It got me to thinking….
I know my husband and I budget $125/week at the grocery store for our family of 4. I didn’t think keeping it under this amount would be so difficult. It turns out I was almost right. Before my husband went shopping, we went through our coupons. We paid special attention to the coupons that gave us the most bang for our buck. We then planned our week, and my husband went out the door. Here’s where I state I am amazingly blessed to have a husband that not only shops but cooks. I know I am very unique and understand that most people have to do all things for their family. I am lucky to have a partner.
When my husband got home from shopping (he was aware of the CHALLENGE) I checked the receipt. The total receipt was $135 which was high for us. When I investigated a little further I found out that a lot of the food groceries were “SNAP eligible”. What brought up our total was all the other kinds of household necessities or maybe just “niceties” , like all the products that the teenage members of our household “require”.
This got me thinking…….
I remember when our girls were little. I was a stay at home mom. There was a time when they were both in diapers, and my youngest was still drinking formula. I remember trying to make sure we didn’t run out of both in one week because we could not afford it and would have to be creative with our shopping list. My thoughts immediately turned to the families currently using SNAP that also have all the additional expenses like that outside of food. I take for granted that I don’t have to worry about that.
I thought about how grateful I was.
One of our “bad habits” as a family is eating out. A household of 4 with 4 different schedules lends itself to rushing around and eating on the go. We all enjoy eating dinner as a family and are so thankful when we can, but we sometimes take the easy way and eat out. We haven’t done that once this week. My husband has made dinner every night and used the crock-pot more than ever! We’ve eaten as a family and even had some leftovers for extra teenagers that always seem to be around our house, or for the next days’ lunch or dinner.
I was thinking this was pretty easy if you put your mind to it and were disciplined.
Typically and traditionally, during the week my husband and I make a point to meet for lunch one day. We pick a restaurant, meet there and reconnect before going back to work.
Why should this week be different, I thought? Luckily my husband was thinking…..

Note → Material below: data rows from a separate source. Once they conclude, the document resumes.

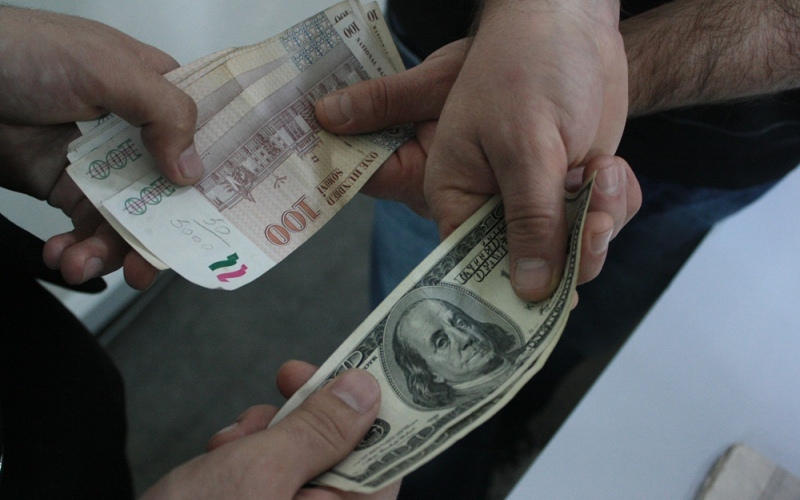 В Таджикистане подорожал и пропал доллар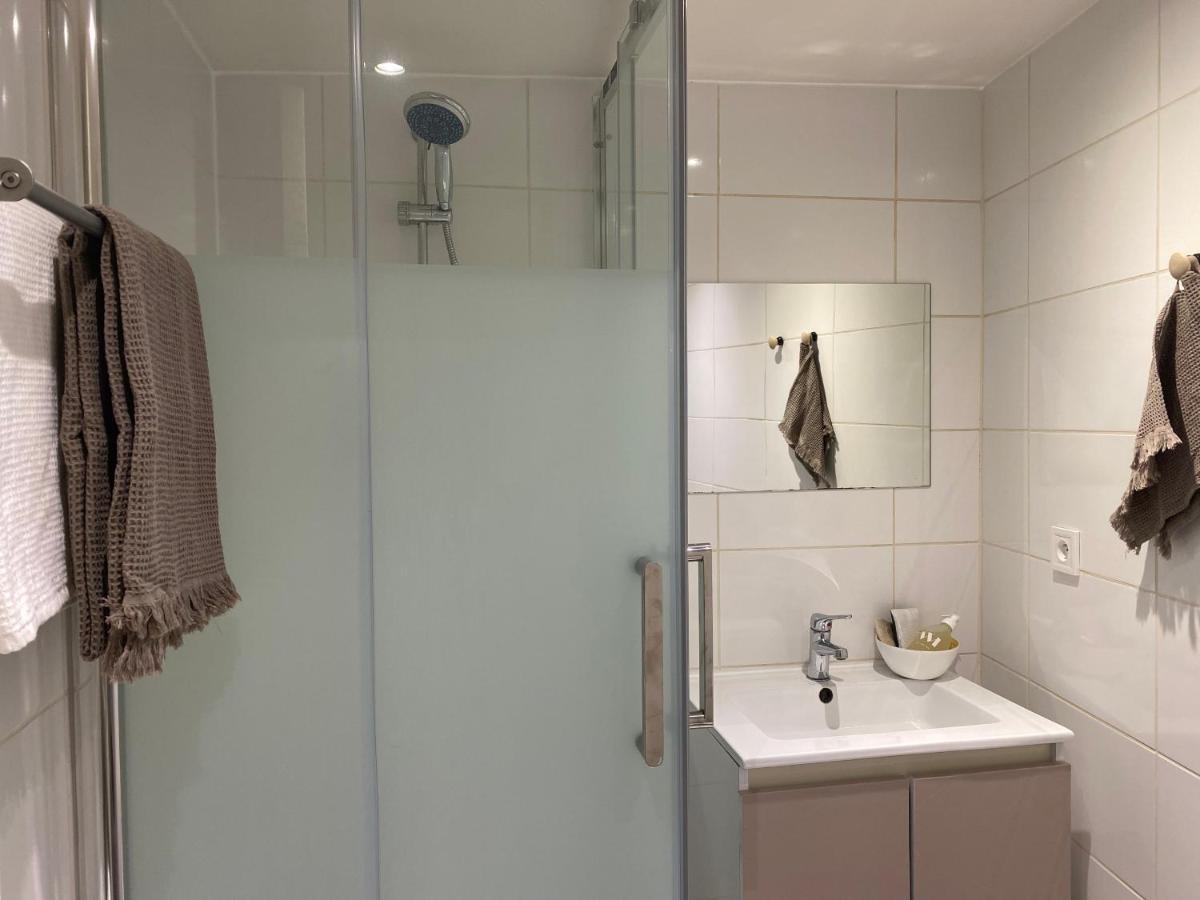Pied A Terre En Plein Coeur De Montmorency Bagian luar foto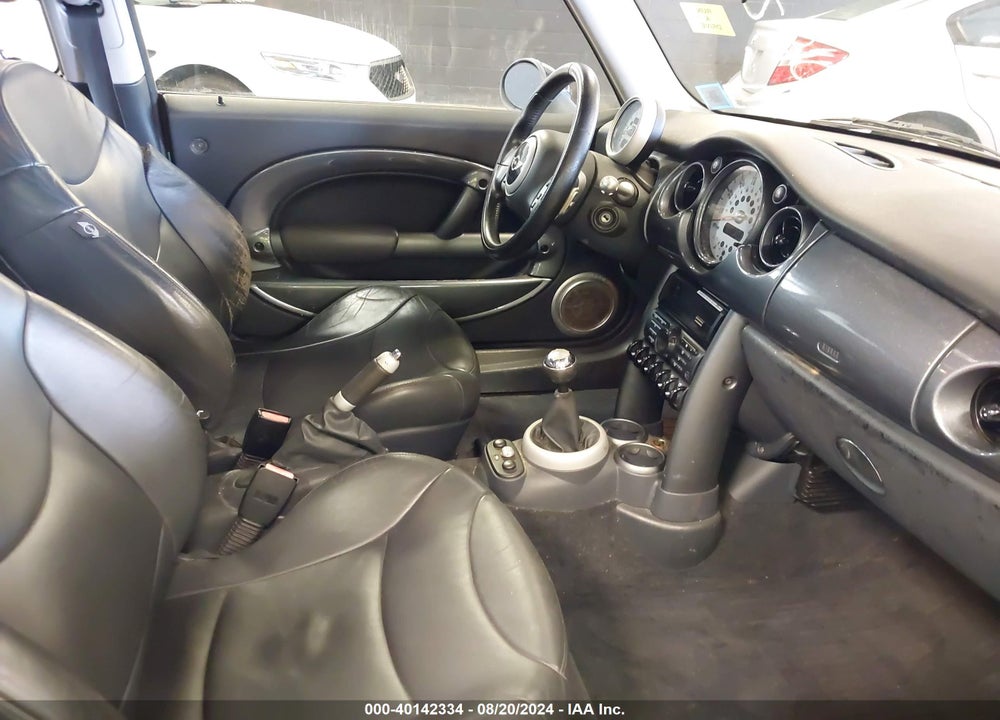 2003 MINI COOPER S VIN: WMWRE33443TD64661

We met in a park and brought lunch items from home. Although we both agreed the restaurant route was easier, we enjoyed our time and vowed to do it more often.
We’ve still got a few days to go and I am nervous about the weekend. We almost ALWAYS go out on the weekend. Our feeling is “we deserve it”.
Well, I’ve been thinking….
In the past couple of days I have noticed that in my downtime I have been thinking about all of the food and drinks that I can’t afford on my food stamp budget. I have found myself craving a morning drink from Starbucks, nighttime ice cream, and even a soda (which I don’t usually drink off of the Challenge). The other night as ice cream and sprinkles were running through my head I realized that people that are actually on food stamps may be thinking completely different than I am. While I am dreaming about all of the food that I am not able to afford they may dreaming about the food that they will be able to afford. I quickly reframed my thinking and became grateful that I was even able to afford eating earlier that day. This Challenge has definitaly given me a different perspective of how I think about food and I hope to carry on past this week.
It’s Friday morning and I must admit I’m looking forward to the end of the Food Stamp Challenge – largely for selfish reasons. When I shopped, I purposely planned for meals that would last a number of days – white chicken chili, potato soup, pasta, lots of yogurt and apples, some green vegetables, and now I’m frankly bored with the meals. I’m also feeling restricted by the meals I have access to as well as the amount of money to purchase the food.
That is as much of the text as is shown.